Es más o menos lo que sucede en Doctor Strange, que toma lo mejor de Inception de Christopher Nolan —quizá sea coincidencia, quizá no: Jim Barr fue también parte del departamento de arte de esa producción—: la pelea del hotel con aquellos bruscos cambios de orientación, o las mutaciones del paisaje urbano de París, y lo adapta a su propio universo. Es un universo, claro, menos ambiguo, menos rico si se quiere, pero efectivo en el panorama del blockbuster de 2016, tan plagado de medianías. La ayuda, también, que estas mismas condiciones fomentan que su encuadre sea ligeramente más abundante en sutilezas que, digamos, Batman v. Superman: hay cosas ocurriendo al fondo del cuadro, o arriba, o abajo; hay chistes que ocupan la totalidad de la pantalla (y aunque esto parezca una cosa de burda obviedad, no lo es: mírese, por ejemplo, la tendencia al encuadre centrado de incluso una gran película como Mad Max: Fury Road); hay una cierta insistencia en que el espectador descubra más cosas.

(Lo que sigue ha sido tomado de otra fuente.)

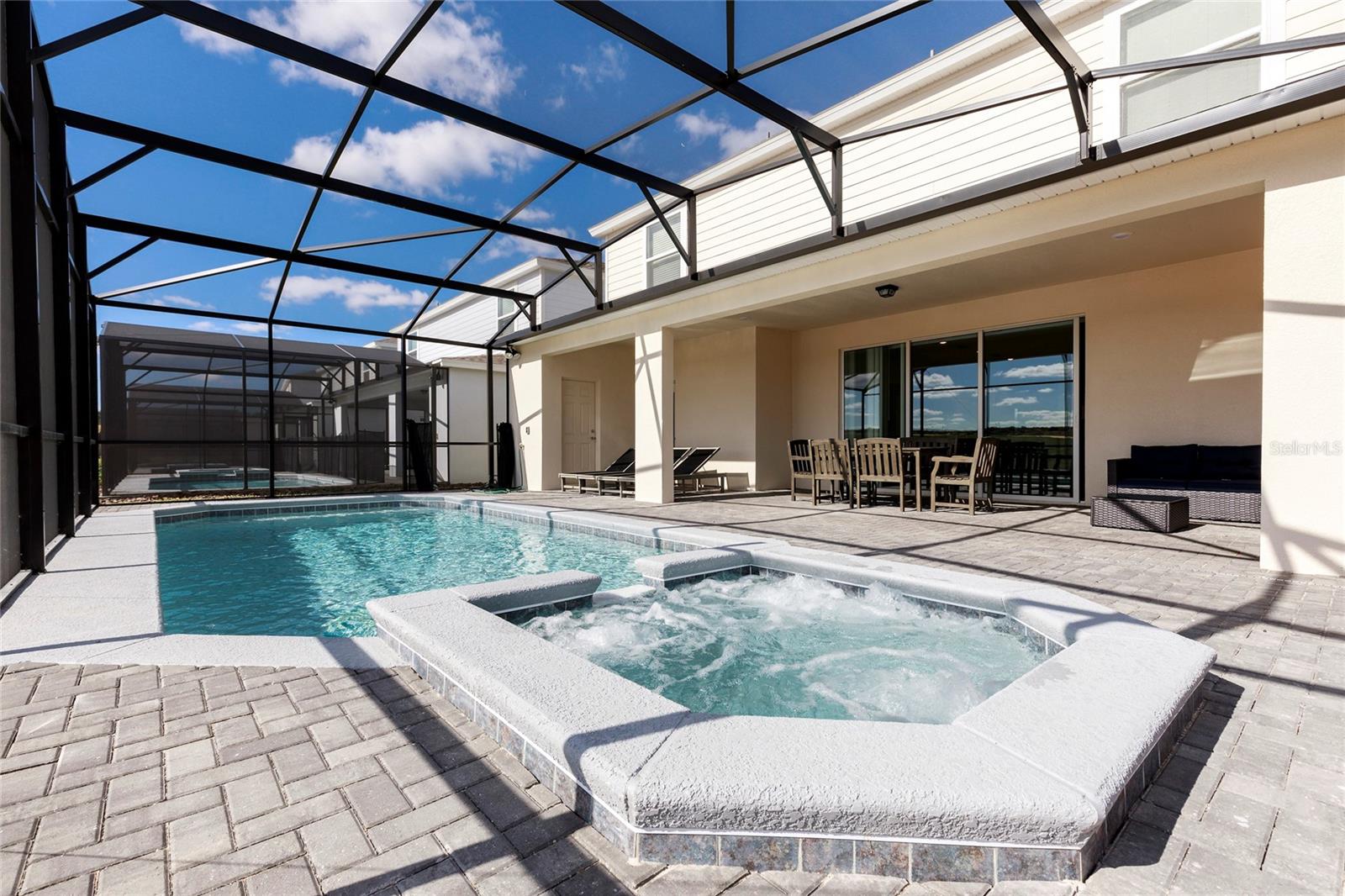 2316 LELANI CIR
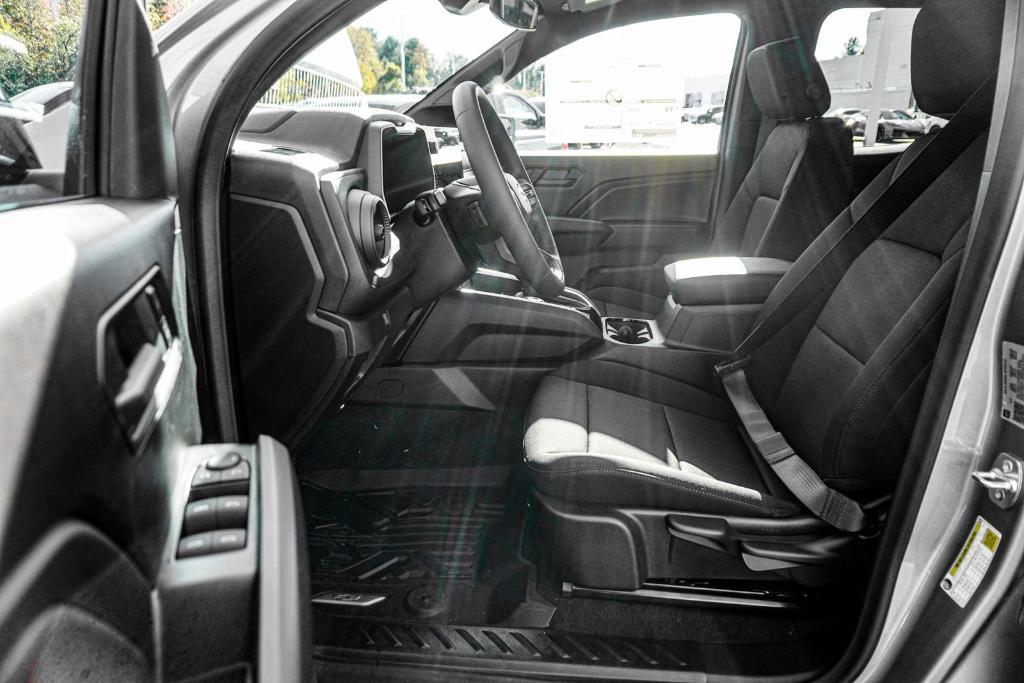 new 2026 Chevrolet Colorado car, priced at $41,053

Con todo, y pese a estas visibles virtudes, Doctor Strange se siente cómoda —quizá demasiado cómoda— con el molde narrativo impuesto por el Marvel Cinematic Universe, mezcla de clasicismo hollywoodense y apuesta-a-la-segura corporativa. Si bien existe al menos un elemento disruptivo —el engaño por encima de la fuerza bruta, y no diré más por miedo a destriparles la película—, el resto de la cinta parece someterse sin chistar a los parámetros preestablecidos de su universo: el viaje órfico del héroe arrogante; su enfrentamiento con un villano cuya maldad va más allá de lo indecible; la estructura que termina inevitablemente, una y otra aburrida vez, en la destrucción masiva de alguna metrópolis. Si nos paramos desde ahí, digamos, Doctor Strange tiene muy poco, poquísimo que ofrecer al enorme paisaje del blockbuster. Un crítico contrario a ella diría que la película es apenas poco más —o poco menos, si lo apuran— que unos cuantos fuegos artificiales, una bonita máquina de humo multicolor. Un crítico favorable a la cinta, por su parte, quizá opinaría que estos fuegos y este humo valen por sí mismos el boleto del cine. La verdad, como suele ser en estos casos, yace en algún punto medio entre esos extremos.